Tahlequah business woman Danielle Coursey, the operating partner of Backwoods Food Manufacturing, gave the Battenfield-Carletti Distinguished Entrepreneur Lecture at Northeastern State University on August 25 in a packed Webb Center auditorium.
Coursey, an NSU alumna, related her journey from running an in-the-home business to overseeing full-scale food preparation and packaging.
Incorporated in 1999, Backwoods Food Mfg. is an FDA licensed and regulated plant that bottles acidified food products such as salsa, barbecue sauce, pickles, relishes, condiments and dry seasonings for over 40 different companies all over the United States.
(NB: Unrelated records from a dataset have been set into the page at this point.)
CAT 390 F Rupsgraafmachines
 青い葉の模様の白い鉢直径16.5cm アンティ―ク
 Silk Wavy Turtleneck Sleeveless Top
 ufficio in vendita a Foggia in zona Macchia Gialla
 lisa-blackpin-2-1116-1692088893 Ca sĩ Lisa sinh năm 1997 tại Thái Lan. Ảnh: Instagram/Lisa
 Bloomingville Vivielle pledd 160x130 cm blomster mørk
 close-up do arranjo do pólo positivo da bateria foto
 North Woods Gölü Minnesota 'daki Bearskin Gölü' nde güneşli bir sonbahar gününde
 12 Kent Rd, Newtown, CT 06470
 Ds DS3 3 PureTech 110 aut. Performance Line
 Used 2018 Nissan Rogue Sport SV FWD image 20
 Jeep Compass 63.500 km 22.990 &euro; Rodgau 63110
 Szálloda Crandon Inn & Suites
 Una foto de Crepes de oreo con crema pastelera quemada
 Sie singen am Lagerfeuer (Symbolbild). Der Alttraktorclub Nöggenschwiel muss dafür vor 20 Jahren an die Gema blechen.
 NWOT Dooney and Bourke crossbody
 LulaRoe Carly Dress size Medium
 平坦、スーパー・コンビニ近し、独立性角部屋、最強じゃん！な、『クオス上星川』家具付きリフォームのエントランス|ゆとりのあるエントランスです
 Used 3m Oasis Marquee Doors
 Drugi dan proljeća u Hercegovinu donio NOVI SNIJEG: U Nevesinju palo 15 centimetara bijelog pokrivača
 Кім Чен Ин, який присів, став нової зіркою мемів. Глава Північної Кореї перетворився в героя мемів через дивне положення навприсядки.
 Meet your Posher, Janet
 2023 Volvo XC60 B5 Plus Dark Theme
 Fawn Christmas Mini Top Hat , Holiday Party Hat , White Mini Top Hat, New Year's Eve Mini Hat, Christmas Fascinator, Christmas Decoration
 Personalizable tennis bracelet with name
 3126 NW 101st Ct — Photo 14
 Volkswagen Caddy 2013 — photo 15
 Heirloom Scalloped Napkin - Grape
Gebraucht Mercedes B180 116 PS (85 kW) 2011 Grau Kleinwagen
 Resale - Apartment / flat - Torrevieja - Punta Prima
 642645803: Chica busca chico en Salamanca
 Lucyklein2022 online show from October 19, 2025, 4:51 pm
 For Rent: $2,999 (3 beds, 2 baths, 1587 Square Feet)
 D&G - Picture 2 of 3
Coursey has grown the company from a small part-time effort at launching a line of food-filled gift baskets called Backwoods Baskets to an 8,400-square-foot full-scale manufacturing facility employing 10 people in rural Cherokee County.
"We started off as a small gift basket company," she said. "When we researched our business project, we found that we were marketing the product illegally. We couldn't sell food products from our home. We incorporated in 1999 and started putting more thought into it. We redesigned our labels to meet FDA requirements and legalized our business. It was a huge learning curve."
As her business grew, Coursey rented kitchen and packaging space, accumulated customers and even assisted competitors, figuring "if we can make a dime off every case they sell, that's better for us."
Drawing on her personal experiences, Coursey offered several pointers to those in attendance with entrepreneurial aspirations. Among them were being open to change and "creating your own market," citing her efforts to have schools sell her products for fundraisers and split the revenue.
"The market has peaks and valleys," she said. "Right now we're in a peak, but in November we won't have as much to do. I'm trying to fill in that valley with my fundraiser idea."
She also advised that all phone calls, conversations and business relationships should be regarded as opportunities, and that entrepreneurs must be prepared to work long hours for delayed financial gain.
"I have never worked so hard in my life," said Coursey. "Physically, mentally, every decision I make, it takes its toll. You'll find me out in the warehouse if we're short-handed. I do whatever it takes to get the business by. And early on, you have to do it with no immediate monetary reward. The first 18 months of my business, I didn't draw a salary."